Noken, Warisan Budaya Tanah Papua yang Sarat Makna

0
6172

Tak sekedar hasil karya, Noken, tas khas tanah Papua ini rupanya menyimpan beragam makna yang patut kita ketahui. Dari segi bahan baku, misalnya, ada beberapa jenis pohon yang digunakan sebagai bahan baku tas tradisional masyarakat Papua ini, dua di antaranya ialah serat Pohon Yonggoli dan Pohon Huisa. Keduanya merupakan jenis pohon yang tumbuh liar di hutan Papua.

Meski dimanfaatkan sebagai bahan baku pembuatan tas yang kini menjadi warisan budaya, rupanya masyarakat setempat tidak membudidayakan pohon tersebut, melainkan tetap pada kebiasaan mereka yaitu pergi berjalan kaki ke hutan dan menguliti pohon-pohon tersebut. Mereka menganggap proses alami tersebut menjadi sebuah tradisi turun-temurun yang tidak boleh hilang.

Dari segi kebermanfaatannya, Noken memiliki fungsi sama dengan tas pada umumnya. Tas ini juga digunakan untuk membawa barang-barang kebutuhan sehari-hari dan hasil pertanian, seperti sayur-sayuran, umbi-umbian, dan beberapa barang lainnya untuk dijual di pasar. Namun yang berbeda adalah mereka tidak menempatkan Noken pada bahu seperti kebanyakan tas, namun dibawa dengan kepala. Tidak ada penjelasan khusus mengapa tas ini dilekatkan di kening, hanya saja Martha Ohee seorang pengrajin kayu asal Papua mengatakan, hal tersebut sudah menjadi kebiasaan warga Papua.

Sementara dari segi filosofinya, tas Noken dibuat secara khusus oleh para wanita Papua. Biasanya, mama-mama mengajarkan anak-anak perempuannya membuat Noken sampai mereka mampu membuatnya sendiri. Menurut mama Martha, kemampuan membuat Noken melambangkan kedewasaan seorang perempuan. “Rasanya, ia bukanlah seorang perempuan Papua apabila tidak bisa membuat Noken,” tegasnya.
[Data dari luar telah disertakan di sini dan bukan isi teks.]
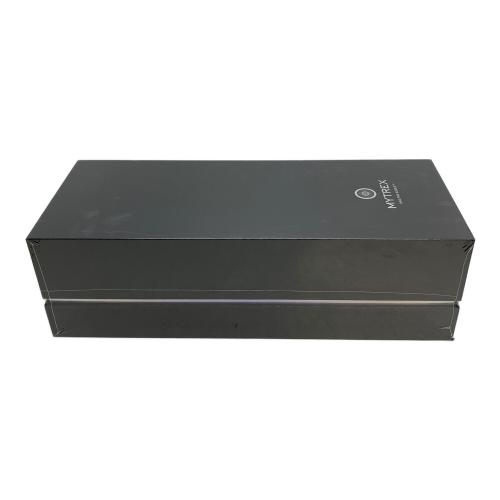 MYTREX (マイトレックス) シャワーヘッド MT-HFE23SL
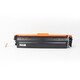 京呈适用佳能CRG-067硒鼓MF657Cdw硒鼓 MF655Cdw/651Cw/654Cdw/656Cdw LBP631Cw/633Cdw打印机硒鼓墨盒粉盒带芯片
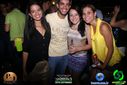DSC06785.jpg
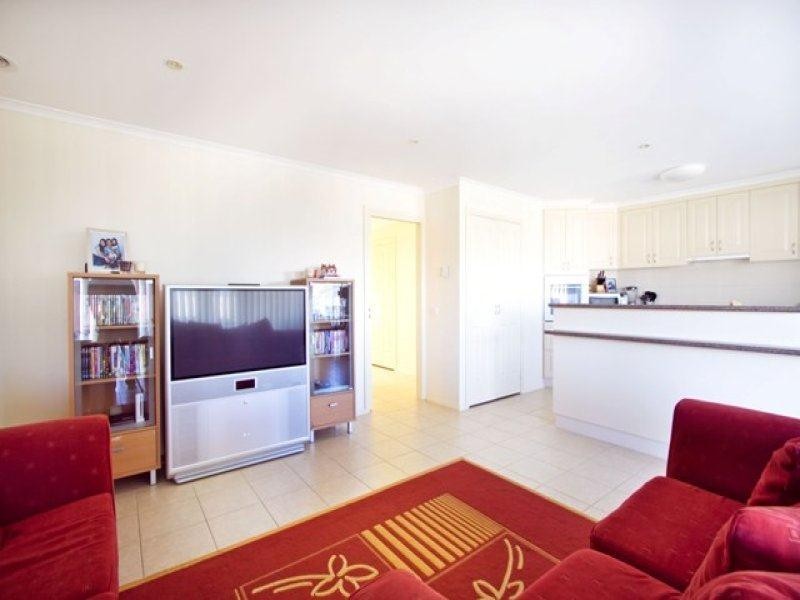 16 Victoria Court, Traralgon VIC 3844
Tidak hanya itu, perempuan Papua yang tidak bisa membuat Noken juga tidak boleh menikah, sampai ia benar-benar bisa membuat Noken dengan tangannya sendiri. Namun, seiring dengan perubahan jaman, adat istiadat seperti itu sudah mulai terkikis dan perlahan mulai hilang. “Sangat disayangkan sekali. Dulu itu, Noken bukan saja dianggap sebagai suatu alat untuk memindahkan sesuatu, tetapi juga lambang dari kedewasaan seorang wanita, tapi sekarang, warisan leluhur kami itu sudah mulai hilang,” ungkap Martha.
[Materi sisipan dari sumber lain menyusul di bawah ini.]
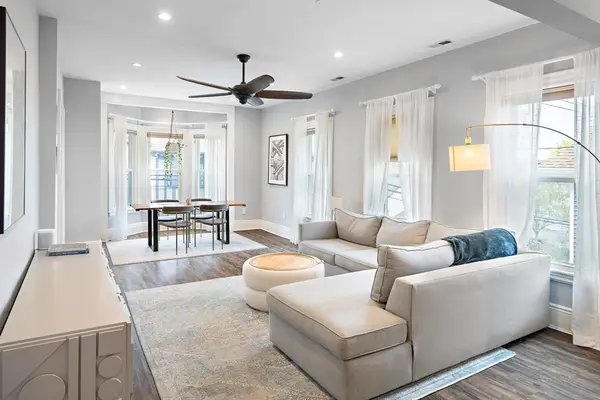 95-97 Sheridan St #2, Boston, MA 02130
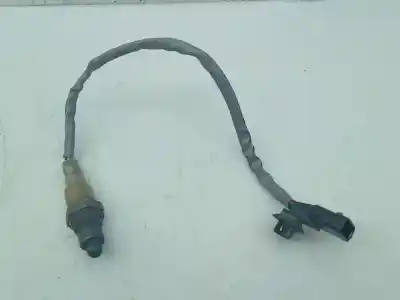 Second-hand car spare part  for RENAULT TWINGO III (BCM_)  OEM IAM references 226A41772R  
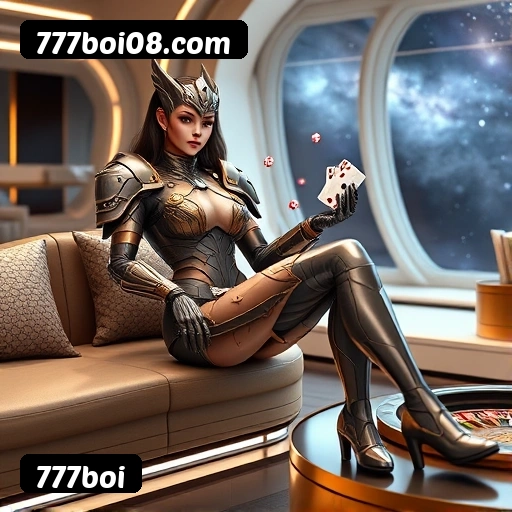 Lottery Instantânea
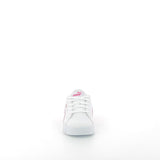 PUMA Baskets - Couleur: Blanc - Mano Shoes and Bags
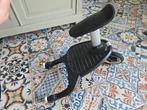 Meerijdplankje bugaboo, Ophalen, Zo goed als nieuw, Bugaboo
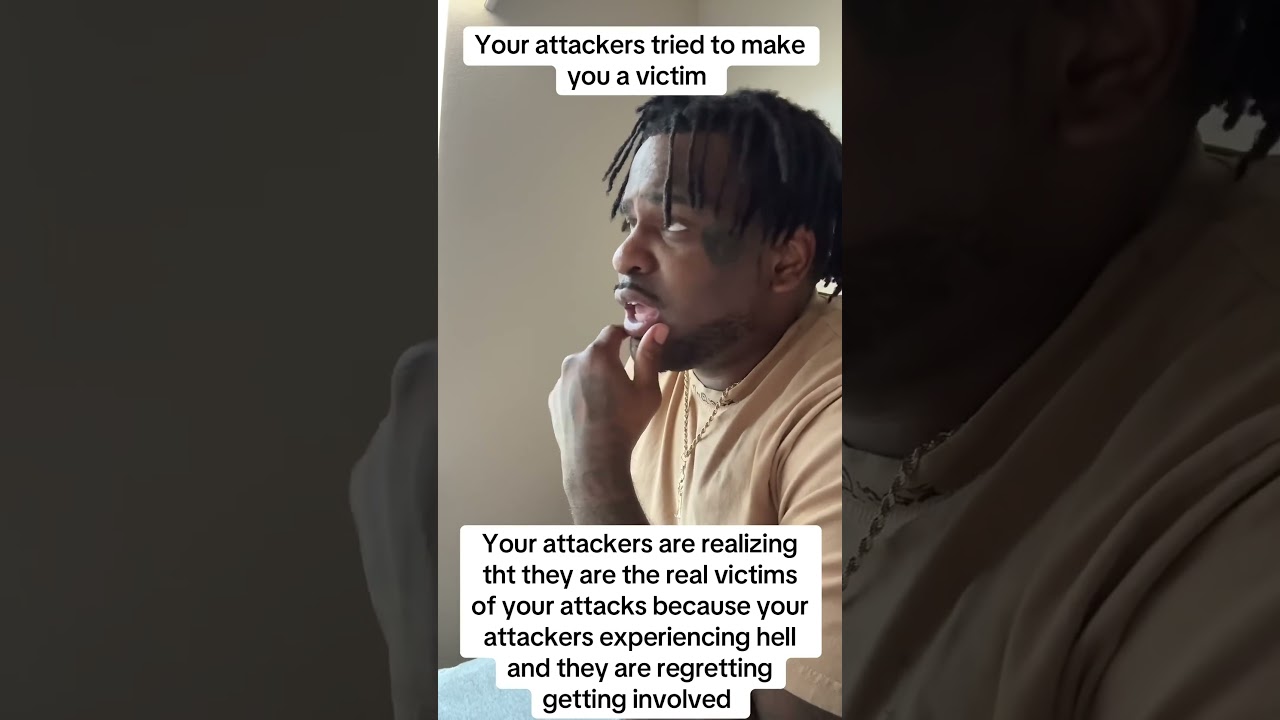 Они пытались сделать жертвой вашего избранника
Demi menjaga keberlangsungan warisan budaya di tanah kelahirannya tersebut, Martha bertekad mengajarkan warga di kampungnya membuat Noken, khususnya bagi para perempuan. Selain menjadi pengajar, ia juga melestarikan keaslian Noken dengan tidak mencapurkan bahan-bahan kimia sebagai pewarna pada hasil karyanya.

“Sebagai seorang pengrajin, saya tidak ingin hasil warisan budaya Papua menjadi rusak dan hilang. Oleh karenanya, saya menurunkan talenta dan ilmu yang saya miliki kepada warga kampung Papua untuk membuat Noken dan terus melestarikan keberadaannya dengan menggunakan cara-cara tradisional dan alami,” tukas Martha.

Foto: Agus Riyanto.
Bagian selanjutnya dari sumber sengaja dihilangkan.